The data below holds a line containing "Pigeon Key tide" and a line containing "Sensors 18 00252 g004"; please quote exactly those two lines and every line between them, and nothing else.

**Data records**
┌──
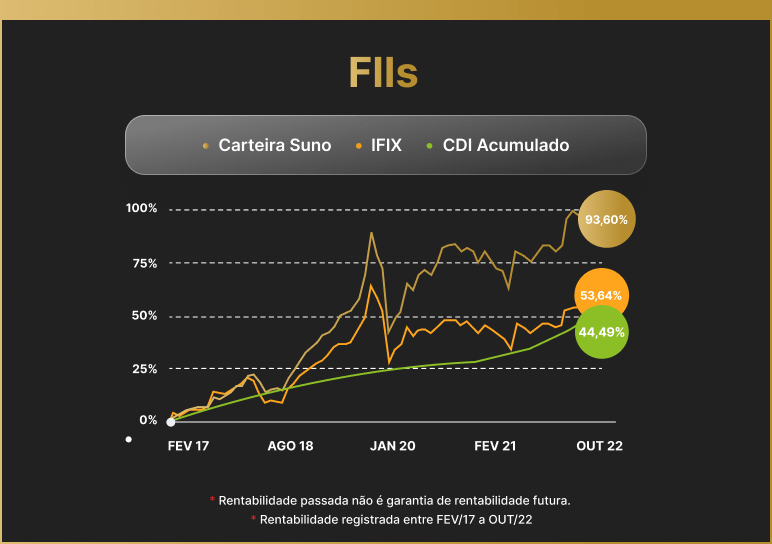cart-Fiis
└──
┌──
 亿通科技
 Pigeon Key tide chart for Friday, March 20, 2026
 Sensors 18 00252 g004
└──
**Written response**
 Pigeon Key tide chart for Friday, March 20, 2026
 Sensors 18 00252 g004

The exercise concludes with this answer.